Robots et travail forcé

Et pourtant, on en parle. Peut-être parce que le débat où s’inscrit l’initiative sur le Revenu de base inconditionnel (RBI), sur laquelle le peuple suisse vote jusqu’au 5 juin, porte autant sur le chômage attendu que sur celui qui existe. Comme le note Giuliano Bonoli, professeur à l’IDHEAP, en introduisant la conférence: «A un moment donné, on nous avait fait miroiter un avenir où le travail serait effectué par des robots, et où nous serions libres de cette contrainte qui a caractérisé toute l’histoire de l’humanité. Le problème, c’est que les robots travaillent pour ceux qui les possèdent, par pour la société – en tout cas jusqu’à maintenant. La question se pose donc de savoir comment redistribuer de manière équitable cette énorme richesse que nous sommes en train de créer, et qui s’accroîtra de manière spectaculaire avec les formes d’automatisation qui voient le jour.»

La réflexion sur le RBI ne porte pas seulement sur la bonne manière de prévenir les effets secondaires de l’automatisation. Il s’agit également de ce que Loek Groot appelle «justice compensatoire». Explications: «On connaît le phénomène des working poors aux Etats-Unis, des gens qui travaillent très dur, dans des occupations particulièrement peu attrayantes, cumulant parfois plusieurs emplois pour joindre les deux bouts. Ils sont obligés de le faire parce que dans le système américain, on a droit à des prestations sociales pendant deux ans de suite au maximum, et pendant cinq ans au total au cours d’une vie. Les employeurs savent que ces travailleurs ont un très faible pouvoir de négociation et doivent donc accepter n’importe quelles conditions.»

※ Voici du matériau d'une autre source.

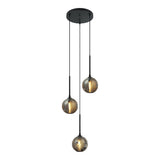 Jemyca Pendant 13 Inch Matte Black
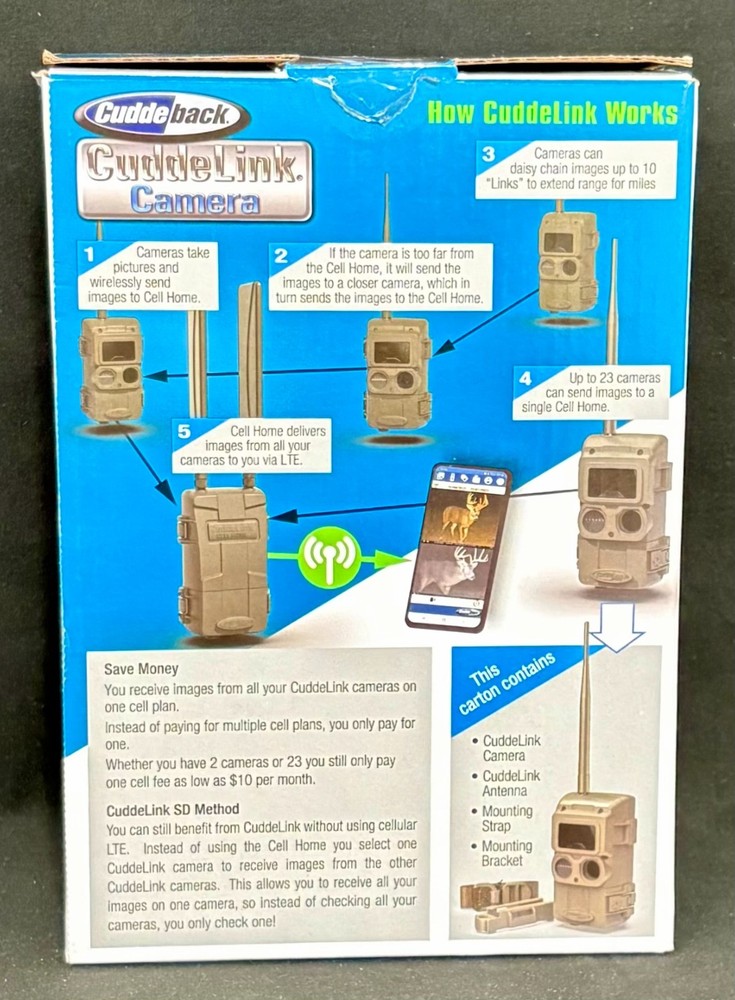 Cuddeback Cuddelink L Series IR Return Camera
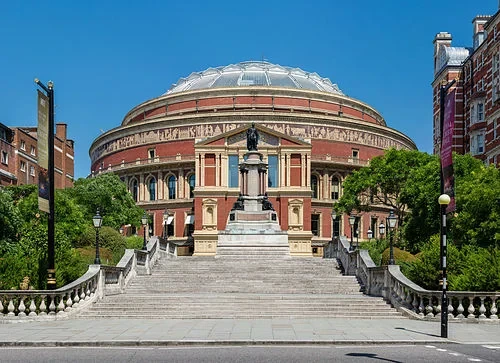 Mémorial de la Grande Exposition — Royal Albert Hall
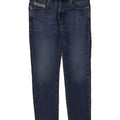 Jeans slim da uomo Diesel W30 L29 cotone blu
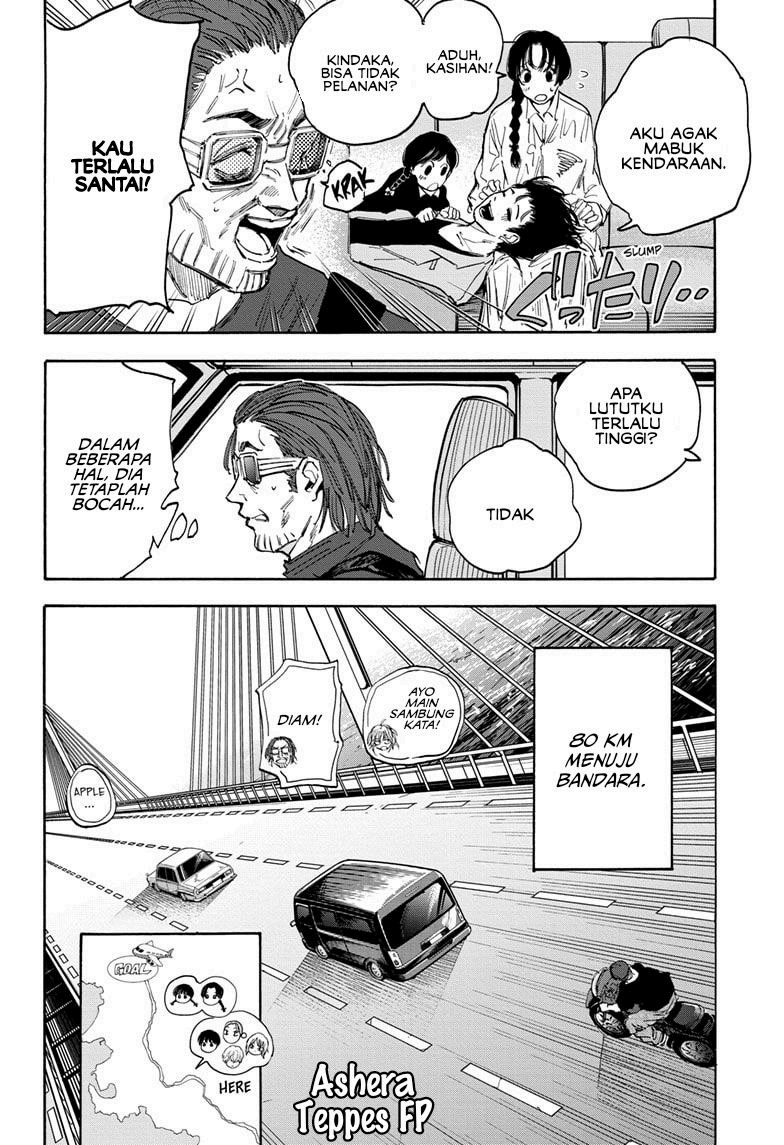 Read Sakamoto Days ID Manga Online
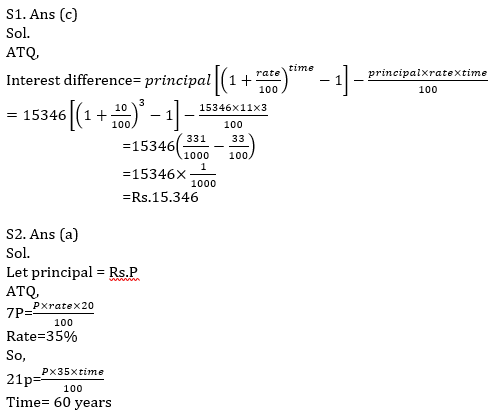 IBPS PO Prelims Quantitative Aptitude Mini Mock 13- Practice Set |_8.1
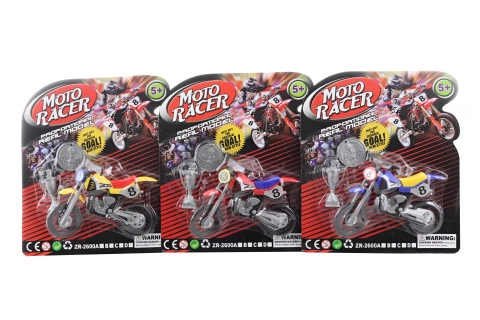 Šroubovací motorka – stavebnice pro děti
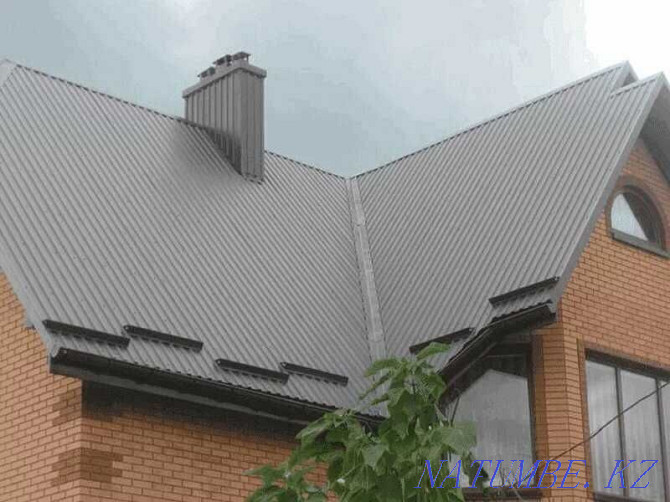 not expensive roof repair, re-roofing, roofing of any complexity, roofing Karagandy - photo 4
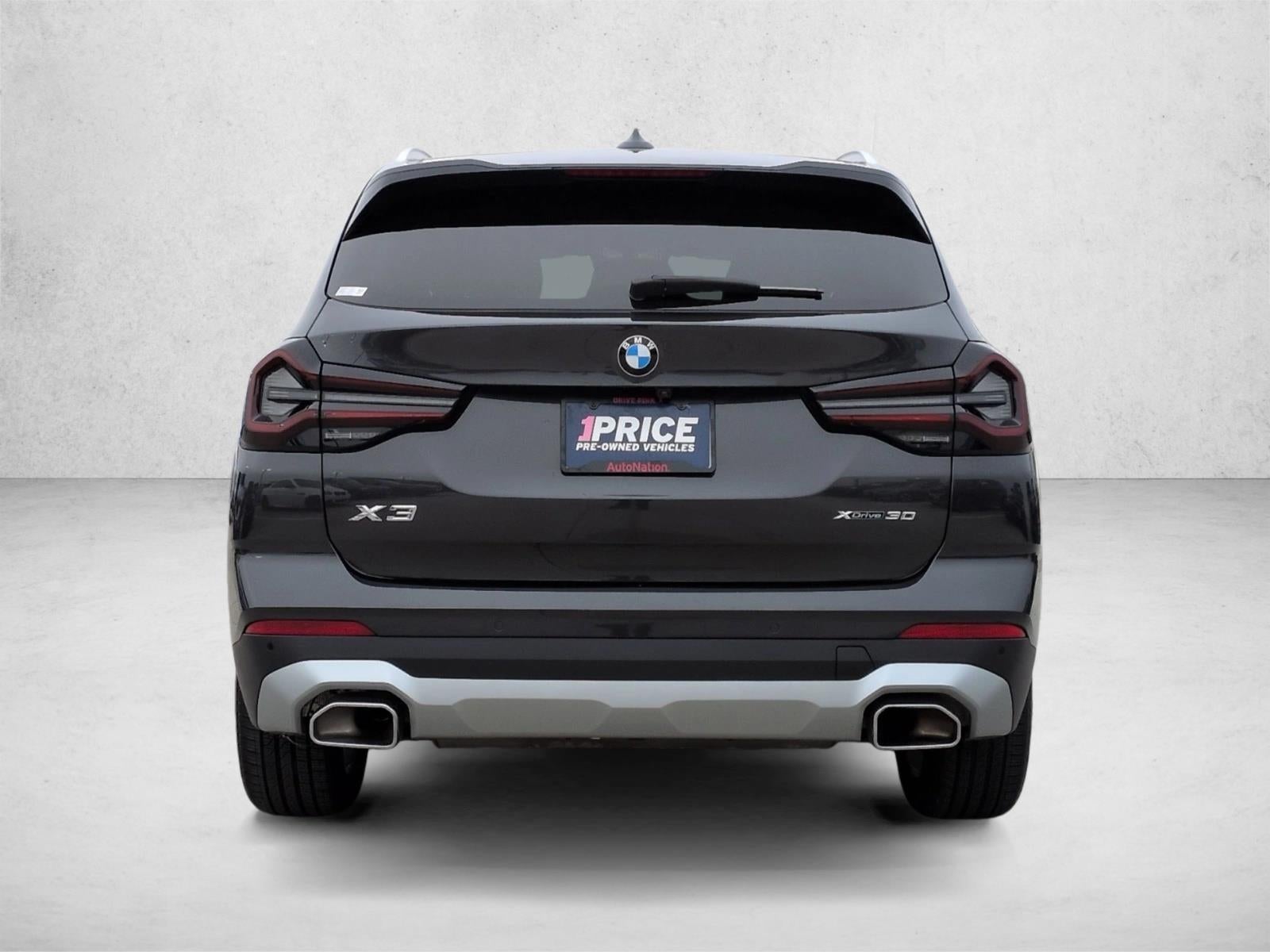 2022 BMW X3 xDrive30i Sports Activity Vehicle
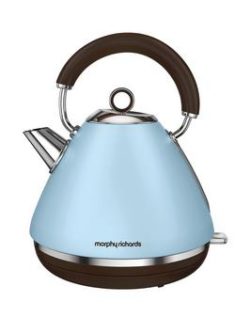 Morphy Richards Accents Pyramid Special Edition Kettle - Azure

Changement radical avec le revenu de base: «On saurait alors avec certitude que les gens qui font ce type de travail le font tout à fait volontairement.» Voilà nos sociétés libérales tiraillées face au RBI: d’un côté, l’angoisse de voir l’offre de main-d’œuvre se réduire pour les tâches les moins plaisantes; de l’autre, un principe de justice qui conduirait à ne plus accepter que ces tâches relèvent d’une forme de travail forcé…

«Savoir ce qui marche»

«Comment les gens réagiraient-ils à une telle innovation? On peut spéculer, imaginer ce qu’on ferait, poser des questions. Mais la réalité, c’est qu’on n’en sait rien», constate Giuliano Bonoli. Que faire? «Quand on est dans l’ignorance, il y a différentes choses qu’on peut entreprendre. Une possibilité, c’est de faire des expériences: tester.» C’est ce qui se prépare à Utrecht, sous le titre Weten wat werkt («Savoir ce qui marche»).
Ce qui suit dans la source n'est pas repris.